%%
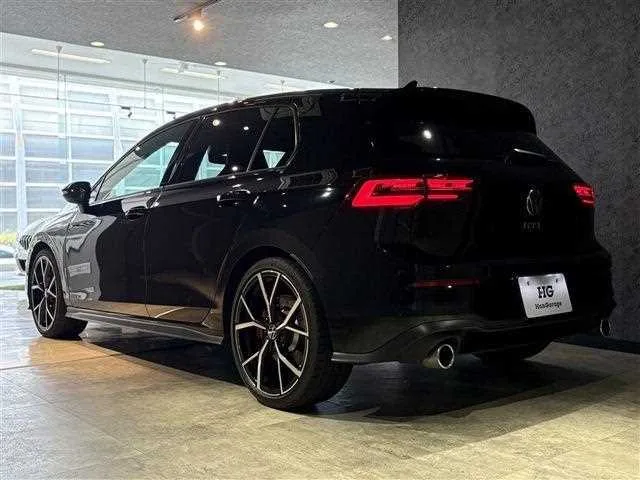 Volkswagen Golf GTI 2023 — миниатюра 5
%%
%%
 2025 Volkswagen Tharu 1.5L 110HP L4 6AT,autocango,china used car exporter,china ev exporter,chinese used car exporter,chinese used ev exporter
%%
%%
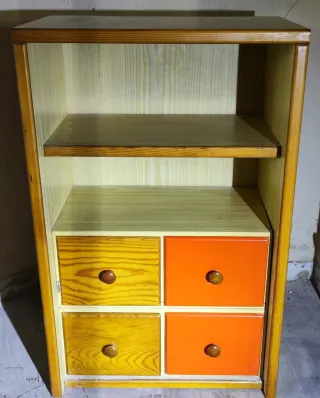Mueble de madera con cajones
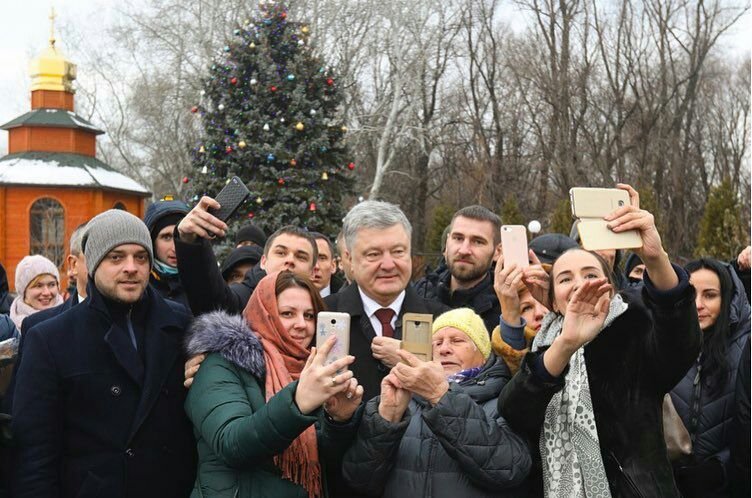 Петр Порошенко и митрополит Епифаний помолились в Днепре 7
%%
• [HOW TO COMPLETE THIS TASK]: Within the listing above, the stretch from the line with "Mueble de madera con cajones" down to the line with "Петр Порошенко и" is to be given again exactly, end lines included and pictures excluded.

• [FINISHED EXERCISE]:
Mueble de madera con cajones
 Петр Порошенко и митрополит Епифаний помолились в Днепре 7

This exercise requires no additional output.